◆ **Supplied records**
►

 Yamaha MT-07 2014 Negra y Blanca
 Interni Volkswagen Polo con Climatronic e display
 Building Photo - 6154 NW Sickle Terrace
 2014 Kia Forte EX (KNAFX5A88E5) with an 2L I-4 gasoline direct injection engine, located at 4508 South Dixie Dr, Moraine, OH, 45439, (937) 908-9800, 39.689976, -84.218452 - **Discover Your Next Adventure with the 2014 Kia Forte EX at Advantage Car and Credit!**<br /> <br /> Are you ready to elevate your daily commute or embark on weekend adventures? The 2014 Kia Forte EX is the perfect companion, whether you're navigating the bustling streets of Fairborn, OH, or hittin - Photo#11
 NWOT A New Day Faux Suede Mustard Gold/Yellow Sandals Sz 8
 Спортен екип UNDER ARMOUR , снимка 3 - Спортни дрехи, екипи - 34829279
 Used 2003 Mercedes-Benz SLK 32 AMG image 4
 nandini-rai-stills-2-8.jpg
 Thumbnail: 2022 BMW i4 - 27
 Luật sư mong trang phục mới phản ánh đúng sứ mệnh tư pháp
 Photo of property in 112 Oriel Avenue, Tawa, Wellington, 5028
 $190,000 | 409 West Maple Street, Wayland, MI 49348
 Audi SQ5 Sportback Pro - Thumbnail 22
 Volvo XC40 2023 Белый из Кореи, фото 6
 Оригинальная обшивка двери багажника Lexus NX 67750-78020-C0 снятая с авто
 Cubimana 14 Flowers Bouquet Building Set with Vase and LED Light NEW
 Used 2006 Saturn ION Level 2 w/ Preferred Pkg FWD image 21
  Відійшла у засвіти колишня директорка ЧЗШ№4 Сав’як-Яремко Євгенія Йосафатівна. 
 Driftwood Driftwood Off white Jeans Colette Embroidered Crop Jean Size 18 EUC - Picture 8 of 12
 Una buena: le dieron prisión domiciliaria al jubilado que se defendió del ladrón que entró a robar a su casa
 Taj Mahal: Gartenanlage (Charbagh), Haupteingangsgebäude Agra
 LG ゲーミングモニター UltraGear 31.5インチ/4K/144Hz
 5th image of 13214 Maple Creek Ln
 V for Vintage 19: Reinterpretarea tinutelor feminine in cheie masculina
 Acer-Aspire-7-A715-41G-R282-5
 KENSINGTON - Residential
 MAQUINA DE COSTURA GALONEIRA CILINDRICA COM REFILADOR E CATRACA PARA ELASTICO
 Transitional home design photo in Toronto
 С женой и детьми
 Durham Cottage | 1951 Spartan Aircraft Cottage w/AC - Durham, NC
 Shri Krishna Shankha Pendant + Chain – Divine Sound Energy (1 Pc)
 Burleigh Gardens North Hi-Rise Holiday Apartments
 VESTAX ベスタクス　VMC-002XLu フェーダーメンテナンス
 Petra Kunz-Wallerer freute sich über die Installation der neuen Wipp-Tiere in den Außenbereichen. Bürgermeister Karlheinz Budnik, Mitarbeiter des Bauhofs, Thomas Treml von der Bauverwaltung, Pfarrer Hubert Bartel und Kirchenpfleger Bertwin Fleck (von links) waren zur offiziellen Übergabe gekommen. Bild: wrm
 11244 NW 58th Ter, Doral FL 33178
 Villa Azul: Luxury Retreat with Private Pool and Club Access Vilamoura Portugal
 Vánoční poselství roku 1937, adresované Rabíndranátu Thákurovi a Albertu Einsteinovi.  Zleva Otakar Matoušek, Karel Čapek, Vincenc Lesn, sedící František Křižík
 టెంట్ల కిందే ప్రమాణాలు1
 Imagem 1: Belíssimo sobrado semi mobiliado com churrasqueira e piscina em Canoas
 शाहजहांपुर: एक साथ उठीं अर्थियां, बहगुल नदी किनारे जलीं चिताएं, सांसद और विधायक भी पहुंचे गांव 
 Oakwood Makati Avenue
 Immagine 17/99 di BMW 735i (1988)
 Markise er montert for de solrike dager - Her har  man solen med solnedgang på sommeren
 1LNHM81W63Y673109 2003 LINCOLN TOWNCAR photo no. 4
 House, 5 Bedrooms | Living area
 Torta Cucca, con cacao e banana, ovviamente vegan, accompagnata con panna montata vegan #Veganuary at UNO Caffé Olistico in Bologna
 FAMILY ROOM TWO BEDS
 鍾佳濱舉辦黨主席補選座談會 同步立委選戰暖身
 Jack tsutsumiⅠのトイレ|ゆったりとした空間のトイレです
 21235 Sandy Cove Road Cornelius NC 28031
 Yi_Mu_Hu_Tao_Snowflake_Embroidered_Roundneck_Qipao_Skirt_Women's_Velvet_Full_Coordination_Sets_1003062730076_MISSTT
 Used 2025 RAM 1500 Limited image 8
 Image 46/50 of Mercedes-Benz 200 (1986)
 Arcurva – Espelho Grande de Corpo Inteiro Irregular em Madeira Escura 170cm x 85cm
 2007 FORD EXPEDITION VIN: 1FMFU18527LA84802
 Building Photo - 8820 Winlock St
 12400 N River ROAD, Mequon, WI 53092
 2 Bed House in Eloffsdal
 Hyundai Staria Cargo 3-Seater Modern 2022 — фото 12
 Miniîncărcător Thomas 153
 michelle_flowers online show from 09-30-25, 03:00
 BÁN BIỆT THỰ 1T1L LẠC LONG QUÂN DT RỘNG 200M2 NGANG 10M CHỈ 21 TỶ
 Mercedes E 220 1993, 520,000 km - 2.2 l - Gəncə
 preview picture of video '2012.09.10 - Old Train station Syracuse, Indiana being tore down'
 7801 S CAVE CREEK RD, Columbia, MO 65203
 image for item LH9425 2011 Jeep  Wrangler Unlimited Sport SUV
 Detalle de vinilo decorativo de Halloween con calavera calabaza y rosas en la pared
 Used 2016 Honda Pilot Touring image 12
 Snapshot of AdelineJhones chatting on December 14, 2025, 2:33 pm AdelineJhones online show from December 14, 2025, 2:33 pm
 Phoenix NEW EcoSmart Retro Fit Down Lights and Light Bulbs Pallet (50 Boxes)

◄

◆ **Problem details**
In the entries above, the lines from the one bearing "Shri Krishna Shankha" up to and including the one bearing "Used 2025 RAM 1500 Limited image 8" should be transcribed exactly; no other line is wanted.

◆ **Expected answer**
 Shri Krishna Shankha Pendant + Chain – Divine Sound Energy (1 Pc)
 Burleigh Gardens North Hi-Rise Holiday Apartments
 VESTAX ベスタクス　VMC-002XLu フェーダーメンテナンス
 Petra Kunz-Wallerer freute sich über die Installation der neuen Wipp-Tiere in den Außenbereichen. Bürgermeister Karlheinz Budnik, Mitarbeiter des Bauhofs, Thomas Treml von der Bauverwaltung, Pfarrer Hubert Bartel und Kirchenpfleger Bertwin Fleck (von links) waren zur offiziellen Übergabe gekommen. Bild: wrm
 11244 NW 58th Ter, Doral FL 33178
 Villa Azul: Luxury Retreat with Private Pool and Club Access Vilamoura Portugal
 Vánoční poselství roku 1937, adresované Rabíndranátu Thákurovi a Albertu Einsteinovi.  Zleva Otakar Matoušek, Karel Čapek, Vincenc Lesn, sedící František Křižík
 టెంట్ల కిందే ప్రమాణాలు1
 Imagem 1: Belíssimo sobrado semi mobiliado com churrasqueira e piscina em Canoas
 शाहजहांपुर: एक साथ उठीं अर्थियां, बहगुल नदी किनारे जलीं चिताएं, सांसद और विधायक भी पहुंचे गांव 
 Oakwood Makati Avenue
 Immagine 17/99 di BMW 735i (1988)
 Markise er montert for de solrike dager - Her har  man solen med solnedgang på sommeren
 1LNHM81W63Y673109 2003 LINCOLN TOWNCAR photo no. 4
 House, 5 Bedrooms | Living area
 Torta Cucca, con cacao e banana, ovviamente vegan, accompagnata con panna montata vegan #Veganuary at UNO Caffé Olistico in Bologna
 FAMILY ROOM TWO BEDS
 鍾佳濱舉辦黨主席補選座談會 同步立委選戰暖身
 Jack tsutsumiⅠのトイレ|ゆったりとした空間のトイレです
 21235 Sandy Cove Road Cornelius NC 28031
 Yi_Mu_Hu_Tao_Snowflake_Embroidered_Roundneck_Qipao_Skirt_Women's_Velvet_Full_Coordination_Sets_1003062730076_MISSTT
 Used 2025 RAM 1500 Limited image 8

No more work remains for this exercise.